Zu Plates Werken zählt u. a. die 1983 entstandene Oper "Lisabetta und Lorenzo", die von Jean Soubeyran inszeniert wurde, der auch am Libretto mitgearbeitetet hatte. Zwischen 1999 und 2003 schrieb Plate im Auftrag von Ingo Metzmacher und dem Philharmonischen Staatsorchester Hamburg die Orchesterwerke "You Must Finish Your Journey Alone", "Passing", "Leaving", "At The River" und "Abschied" für die Reihe "Who Is Afraid Of 20th Century Music?" Noch in diesem Jahr gab es zwei Uraufführungen von Plates Werken unter der Leitung von Metzmacher: Im Januar spielte die NDR Radiophilharmonie erstmals die sechsätzige Sinfonie "Líberation" für Sopran und Orchester, im April folgte das Orchesterwerk "Casino" mit dem Deutschen Sinfonie-Orchester Berlin.
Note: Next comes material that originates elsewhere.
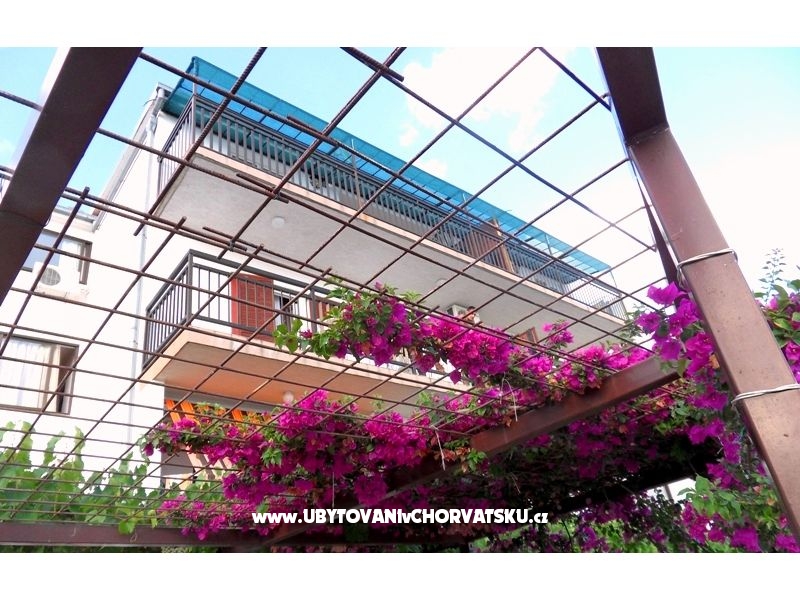 Villa Borovina – Ferienwohnung Baska Voda, Kroatien – Foto 4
„Im Komponieren“, so hatte es Anton Plate im Jahr 1991 selbst in einem Lebenslauf geschrieben, habe er spätestens seit 1970 seine „wichtigste Tätigkeit“ gesehen und „wesentlich daraus“ auch seine „Profession als Lehrer“ abgeleitet. Am 1. Dezember 1973 erhielt Plate einen Lehrauftrag für Generalbass, Partitur und Improvisation an der heutigen HMTMH, die kurz zuvor in den Neubau am heutigen Neuen Haus gewechselt war, um in eine neue Zeit aufzubrechen. Ab 1975 arbeitete er als hauptberufliche Lehrkraft in diesem Bereich und wurde mit Wirkung vom 22. November 1982 als C2-Professur für das künstlerische Fach Tonsatz und Gehörbildung übernommen. Im September erhielt er eine C3-Professur. Über viele Jahre engagierte er sich im Senat der Hochschule.
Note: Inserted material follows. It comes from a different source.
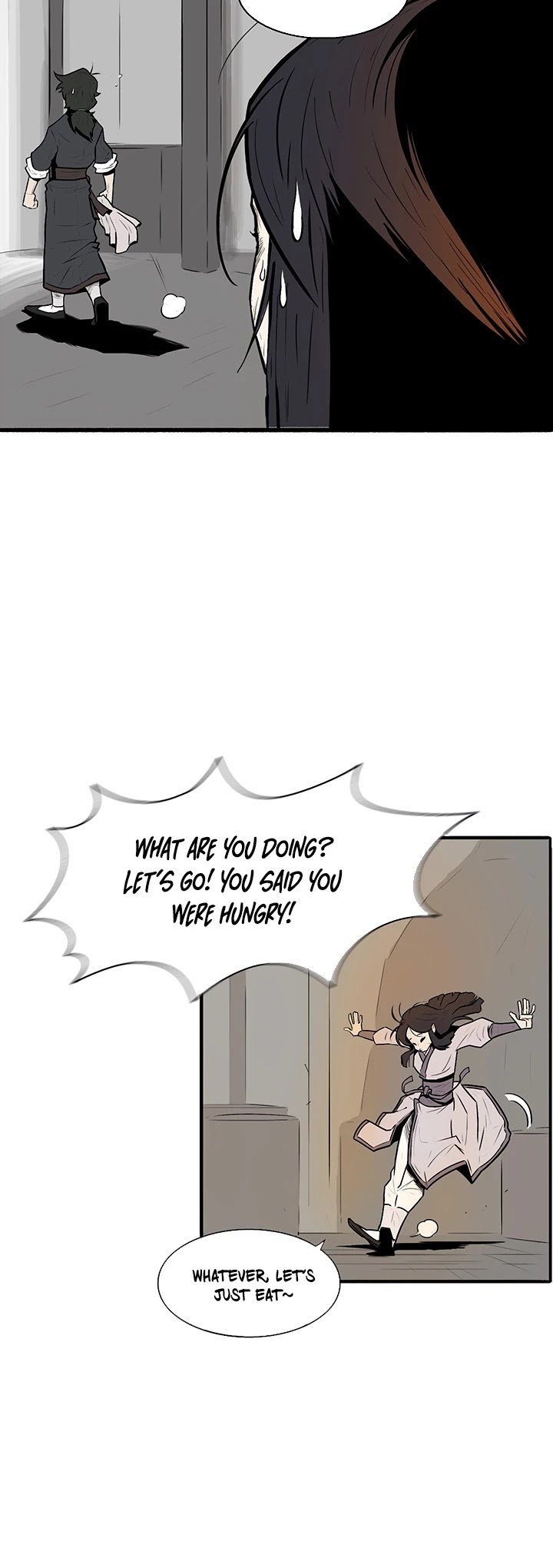 The Legend of the Northern Blade chapter 5 page 43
„Sein Denken und mithin sein ganzes Dasein und Wirken als Hochschullehrer war auf eine unvergleichliche Weise eigenständig“, erinnert sich Martin Brauß: „Sie bezog ihre charakteristische Kraft aus drei – unterschiedlich gewichteten – geistig und politisch extrem dynamischen Bewegungen: dem alten deutschen Humanismusideal, der wilden, glückssuchenden amerikanischen Freiheitsutopie und dem neuen deutschen 68er-Widerstand gegen das verlogene Verschweigen, Verbrämen und Vergessen.“

Ende Juli 2010 wurde Anton Plate aus gesundheitlichen Gründen in den vorzeitigen Ruhestand versetzt. Ihm zu Ehren fand im April 2013 ein Abschiedskonzert im Richard Jakoby Saal statt: Das Junge Sinfonieorchester Hannover, dessen Dirigent er von 1973 bis 1998 gewesen war, spielte neben anderen Werken auch Plates Ouvertüre „AHAB“.

Anton Plate war für mehrere Studierendengenerationen ein inspirierender und wegweisender Lehrer und eine über Jahrzehnte hinweg prägende Persönlichkeit unserer Hochschule. Er starb am 8. September im Alter von 73 Jahren in Braunschweig. Wir werden seiner dankbar gedenken.